Captioned web image data
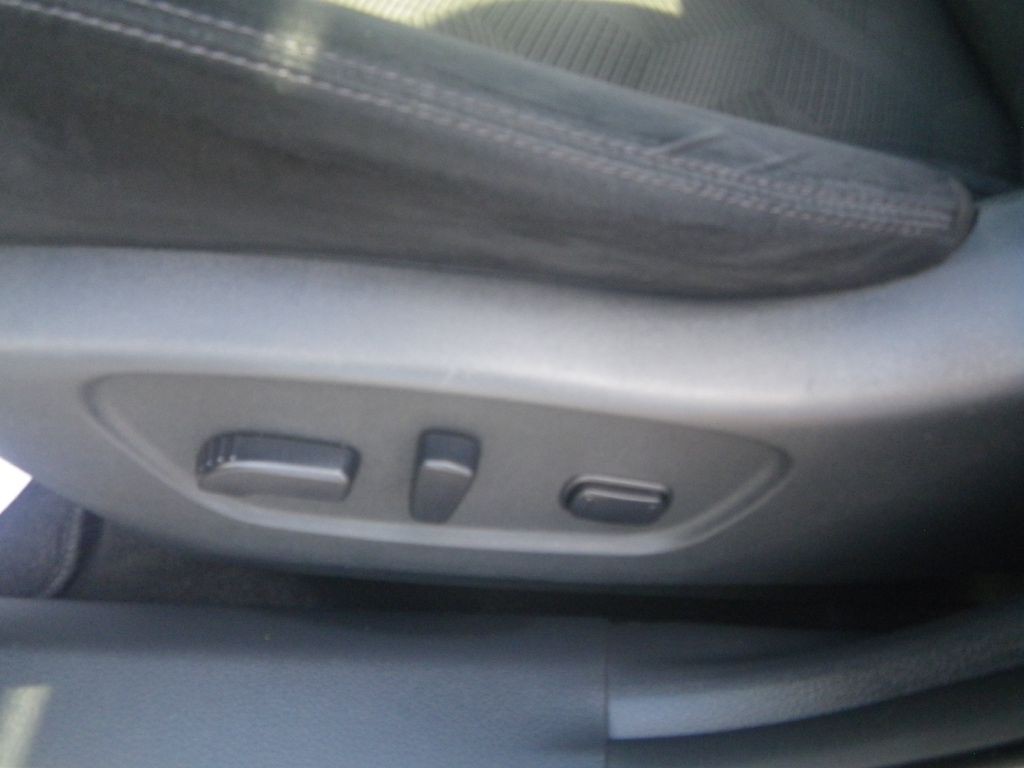 2015 Nissan Rogue Image 13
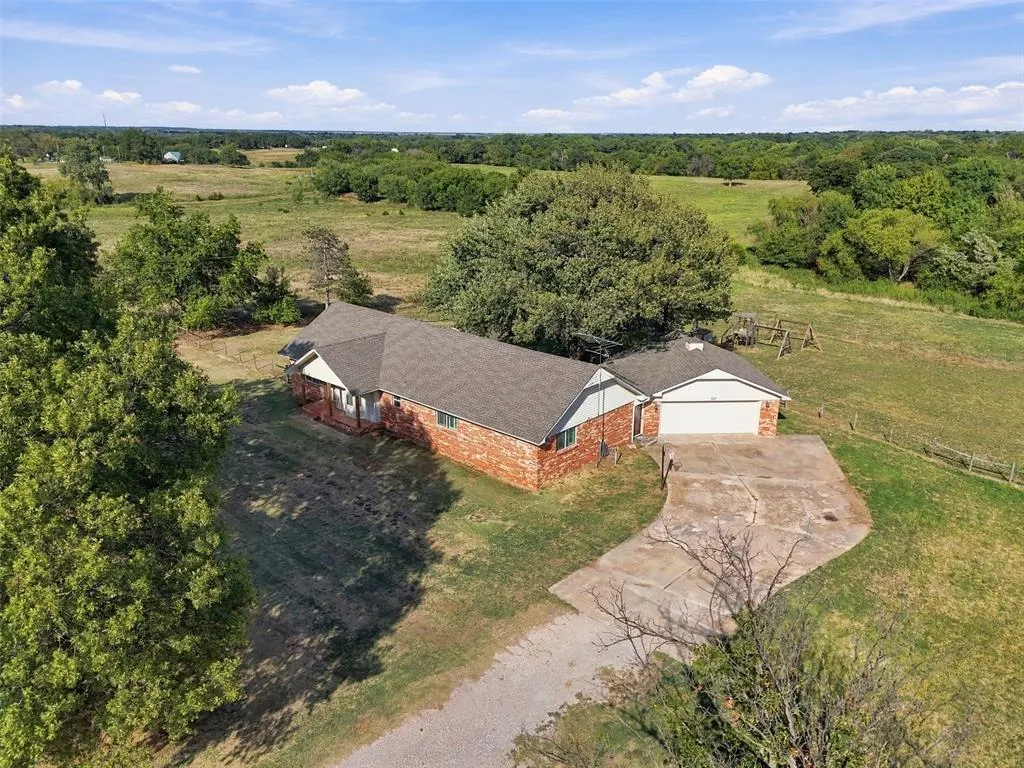 Photo 4 — 14031 N County Road 3010, Lindsay, OK 73052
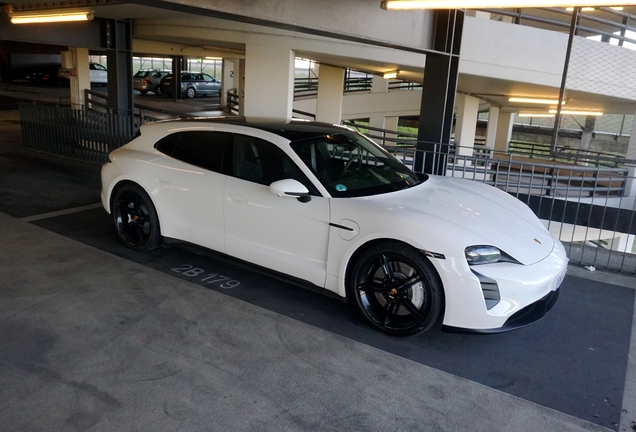 Porsche Taycan GTS Sport Turismo MkI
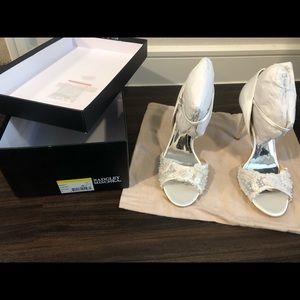 Badgley Mishcka Carter Soft White NWT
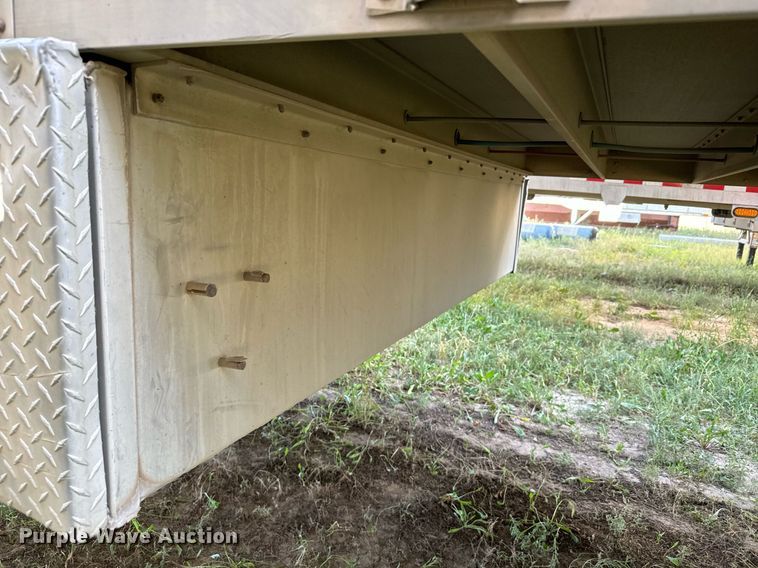 image for item DV2818 2000 Wilson livestock trailer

» **Task details**: Each line from the one containing "Porsche Taycan GTS Sport Turismo MkI" through the final line of the data must be reproduced exactly, both ends included, with no pictures in the copy.

» **Output of the task**:
 Porsche Taycan GTS Sport Turismo MkI
 Badgley Mishcka Carter Soft White NWT
 image for item DV2818 2000 Wilson livestock trailer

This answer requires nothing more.